(What is needed)
Print the line that contains "Heidelberg: BODY WORLDS", then every line after it until the entries end, exactly as they read; do not include pictures.

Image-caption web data
▼

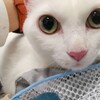 猫(=^・^=)が脱水して、干柿になるとこんな感じ！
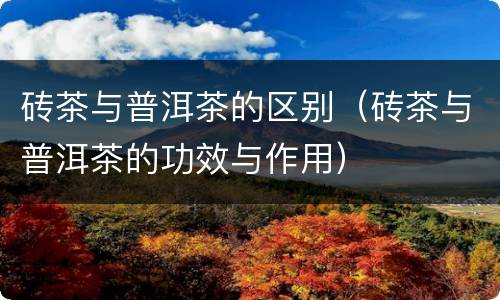 砖茶与普洱茶的区别（砖茶与普洱茶的功效与作用）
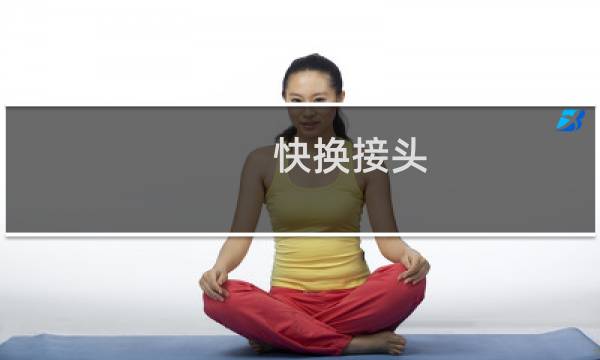 快换接头
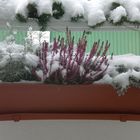 Blumen im Schnee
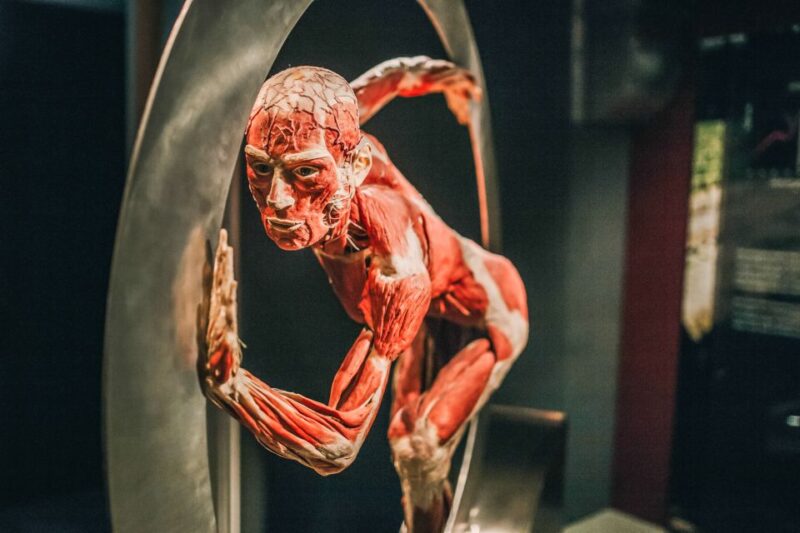 Heidelberg: BODY WORLDS Museum Entrance Ticket - Exploring the Human Body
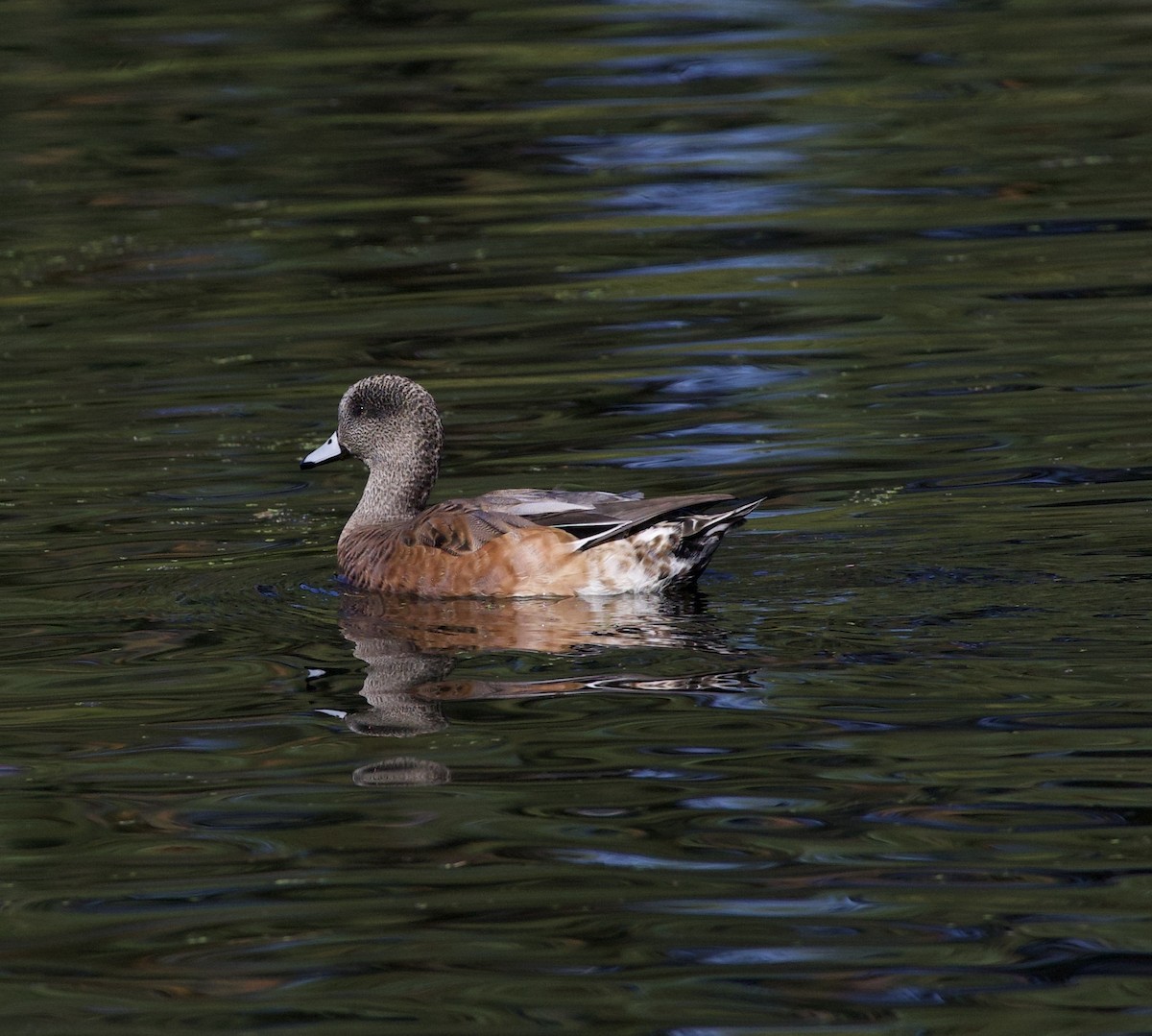 American Wigeon - ML645945976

▲

(Written response)
 Heidelberg: BODY WORLDS Museum Entrance Ticket - Exploring the Human Body
 American Wigeon - ML645945976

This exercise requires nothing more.